Along with continuing to read (just finished Annie Proulx’s Barkskins), I’ve just happened to start using my hands to do more than hold a book, write, and type on a keyboard.
It started with short workshops held by the Nasher Sculpture Center in Dallas to augment one’s experience of their various exhibitions. There, I made an abstract (it had to be abstract) print, and then learned to fold paper into “pocket book casings” which can hold all sorts of small things in their various enclosed places.
This new-found pleasure propelled me to take an Arabic calligraphy class at the Dallas Museum of Art.

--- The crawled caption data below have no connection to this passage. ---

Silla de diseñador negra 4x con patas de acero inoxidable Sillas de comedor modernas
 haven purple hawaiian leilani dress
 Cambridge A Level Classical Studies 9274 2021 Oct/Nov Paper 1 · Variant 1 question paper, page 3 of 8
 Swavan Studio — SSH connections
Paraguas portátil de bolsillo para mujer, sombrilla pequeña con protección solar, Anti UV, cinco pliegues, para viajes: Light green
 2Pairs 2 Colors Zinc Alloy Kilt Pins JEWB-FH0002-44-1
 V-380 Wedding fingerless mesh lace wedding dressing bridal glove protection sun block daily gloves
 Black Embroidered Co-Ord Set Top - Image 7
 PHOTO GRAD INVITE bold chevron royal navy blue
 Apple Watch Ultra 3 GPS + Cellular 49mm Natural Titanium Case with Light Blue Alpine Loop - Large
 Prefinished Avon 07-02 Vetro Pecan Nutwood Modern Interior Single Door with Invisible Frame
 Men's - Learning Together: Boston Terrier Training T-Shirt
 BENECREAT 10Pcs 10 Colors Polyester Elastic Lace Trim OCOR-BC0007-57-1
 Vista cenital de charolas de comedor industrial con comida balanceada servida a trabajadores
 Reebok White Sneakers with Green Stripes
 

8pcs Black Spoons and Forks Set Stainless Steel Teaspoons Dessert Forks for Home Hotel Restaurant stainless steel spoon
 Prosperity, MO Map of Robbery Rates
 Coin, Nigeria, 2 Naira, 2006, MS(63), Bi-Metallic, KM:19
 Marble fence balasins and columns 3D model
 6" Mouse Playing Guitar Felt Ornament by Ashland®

I learned how to use a bamboo calligraphy pen and a small pot of ink, patiently practicing “perfect” squares and the much more difficult aleph (the first letter of the alphabet). There was patience, silence, relaxation of body, concentration of mind…and even the poet, Rumi…in the room. The master laid down an aleph on my sheet of paper as an example, a subtle and smooth stroke, and I put my first attempt next to it, a lumpy bean pod. It was wonderful and humbling. I got a poem out of it, too, which I titled “A Taste of the Ocean.” That taste is what the master calligrapher said he could offer us in such a short period of time.
And now, after finding a Beginner’s Origami Kit in the Kimbell Art Museum’s gift shop, I have made a simple envelope and my first crane. Paper folding is addictive, and very different from the other things I do with my days.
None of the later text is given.